Rare Butterflies in Upstate New York

Peter Hall, advisor to eButterfly
Saratoga Sand Plains Wildlife Management Area

Among the most unique and at-risk habitats in eastern North America are the sand plains of central New York state. The localized, rolling dunes in this area are covered in pitch pines with a low ground cover that has been dominated by sundial lupines. This combination also makes them one of the last strongholds for a number of butterflies that are also at risk.

Karner Blue Plebejus samuelis

In a visit there in mid-May 2023, four of us from Ontario visited the key sites. We were especially looking for three butterfly species – Karner Blue Plebejus samuelis, Frosted Elfin Callophrys irus, and Mottled Duskywing Erynnis martialis. Being from Ontario, our interest was also in the measures being taken by state and conservation authorities to save and, in some cases, recover the necessary habitats for these rare butterflies. All three are now extirpated or endangered in Ontario. We were hoping to gain more information to aid possible reintroduction or recovery programs now underway in the province.

Frosted Elfin Callophrys irus

Two sites were of particular interest. The Albany Pine Bush Preserve is on the western edge of the city of Albany. It has a wonderful Discovery Center and a series of trails through areas that have been enhanced for lupines to grow. The plant is the main food source for the Karner Blue and the Frosted Elfin caterpillars. In addition to talking to conservation staff at the center, we also walked several trails and found Frosted Elfins to be common and one Karner Blue. The Elfins were at peak flight period while the later-emerging Karner Blues were just starting their flight season.

Our next site was the Saratoga Sand Plains Wildlife Management Area north of Albany. We were met there by dedicated staff who took us on a tour of the prime areas that have been developed and were at various stages of lupine recovery. The lupine numbers were impressive, and the Frosted Elfins were numerous. Even the Karner Blues were further along than at Albany and were relatively easy to find.

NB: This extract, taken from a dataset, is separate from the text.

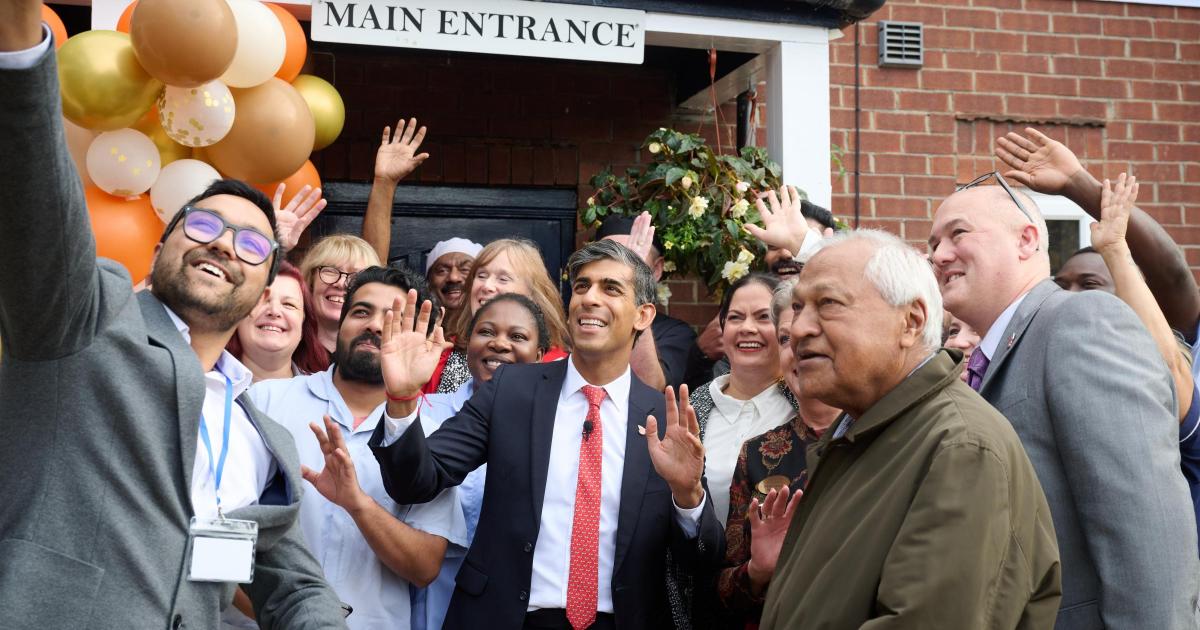 Rishi Sunak visits residents of Southwoods in Northallerton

While at Saratoga, we also saw the efforts being made to recover the Mottled Duskywing, which feeds as a caterpillar on species of ceanothus, especially New Jersey Tea. While not common, the duskywing was seen and photographed at several locations.

Mottled Duskywing Erynnis martialis

The impressive work being done on the sand plains of upstate New York offer hope for the conservation of these rare butterflies in Ontario and other parts of the eastern United States.